To evaluate the effect of different MH contents on the flame retardancy of composites, a horizontal burning test and LOI was carried out. The horizontal burning test is mainly used to evaluate the combustion range or the flame propagation rate. Table 3 shows the results of the burning time, rate, etc. of the samples, in which the calculation of the burning rate was not performed without passing the 100 mm mark, and on the contrary, the burning time and the burning length were not calculated. Fig. 3 shows the samples after the horizontal burning test.

Table 3 Horizontal flammability and LOI analysis data of composites

Composites	Burning time (s)	Burning length (mm)	Burning rate (mm min^−1)	Rating	LOI (%)
TF-MH0	—	—	29	HB40	21.2
TF-MH5	—	—	27	HB40	21.2
TF-MH10	68	16	—	HB	22.0
TF-MH15	38	4	—	HB	23.8

---

Fig. 3 Post-combustion sample.

According to the combustion results, the flame-retardant order of the composites was as follows: TF-MH15 > TF-MH10 > TF-MH5 > TF-MH0. All samples passed the 25 mm mark, but only the TF-MH0 and TF-MH5 composites passed the 100 mm mark. The burning rate, burning time, and burning length of the sample decreased as the MH content increased; hence, the flame retardancy of the composite was improved. The flame retardancy mechanism was mainly because the high-temperature endothermic reaction of MH released a large amount of water vapor, and diluted the combustible concentration in the gas-phase combustion zone and the generated high temperature resistant magnesium oxide covered the surface of the composite to form a protective film to prevent combustion.¹⁸

To further evaluate the flame retardancy of the composite, an LOI test was performed and the results were shown in Table 3. A high LOI value means that the material is not easily combusted, and a low oxygen index means that it is easy to burn. It is generally believed that an oxygen index of less than 22% belongs to an easily combustible material, 22% to 27% is a combustible material, and more than 27% is a non-combustible material. According to Table 3, as the MH content increased, the oxygen index of the composite material gradually increased, and changed from an easily flammable material to a combustible material. There was no doubt that the addition of MH increased the flame retardancy of the composite.

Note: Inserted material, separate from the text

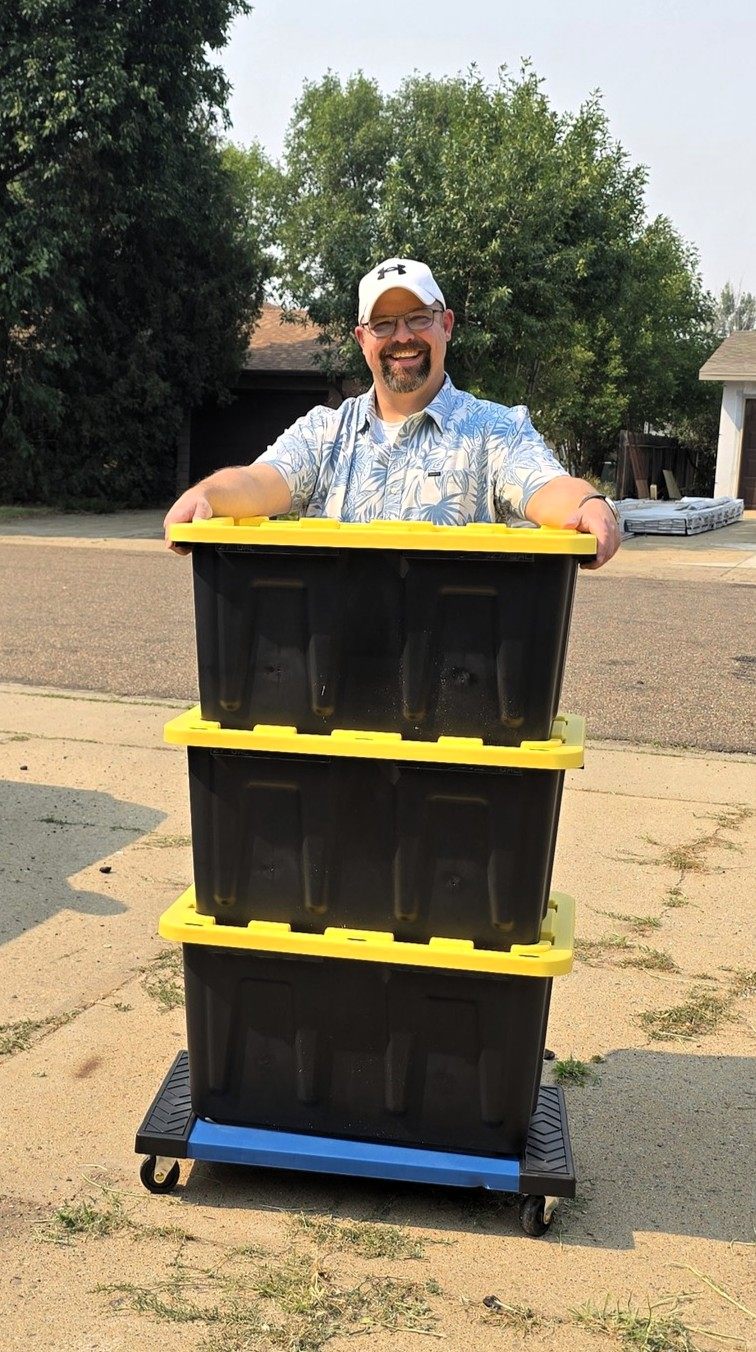 Tori of TNT Rental smiling behind three stacked moving totes on a rolling Tote Cart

3.3 Mechanical property analysis of the composites

Fig. 4 shows the test results of the composite density and tensile strength. With the increase of MH addition, the apparent density of composites initially decreased and then increased, counting for 405.3 kg m⁻³, 401.1 kg m⁻³, 395.9 kg m⁻³ and 436.6 kg m⁻³. The lowest was added with 10% MH, and the highest was added with 15% MH. The tensile strength was positively correlated with density; the highest was 2.012 MPa, and the lowest was 1.719 MPa.²⁹

Fig. 4 Results of the density and tensile strength of composites.

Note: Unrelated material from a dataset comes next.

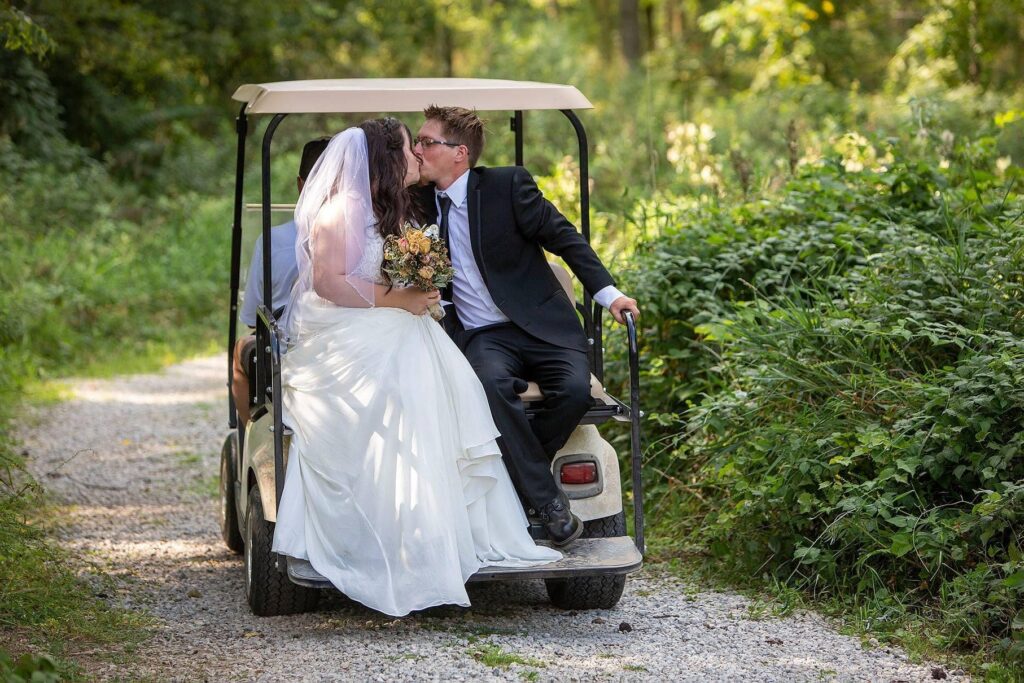 Couple drives off on golf cart at Irish Hills wedding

Cushioning performance is one of the primary considerations for packaging materials. It is generally expressed by the energy absorption efficiency of the material. The higher the energy absorption efficiency value, the better the material cushioning performance. Therefore, the effect of adding different MH contents on the buffering properties of starch/plant fiber composites should be investigated.³⁰ According to the mechanical properties, cushioning materials can be divided into linear materials, piecewise linear materials, tangential elastic materials, and cubic functional elastic materials et al. Fig. 5 shows the stress–strain curve of different composite materials. The initial stage increased with strain, and the stress slightly changed. This stage was the yielding platform and the main stage of energy absorption. As the compression continued, the strain increased, and the stress rose rapidly. This stage was the compaction zone, so the starch/plant fiber composite was a tangential elastic material.

Fig. 5 Stress–strain curve of composites.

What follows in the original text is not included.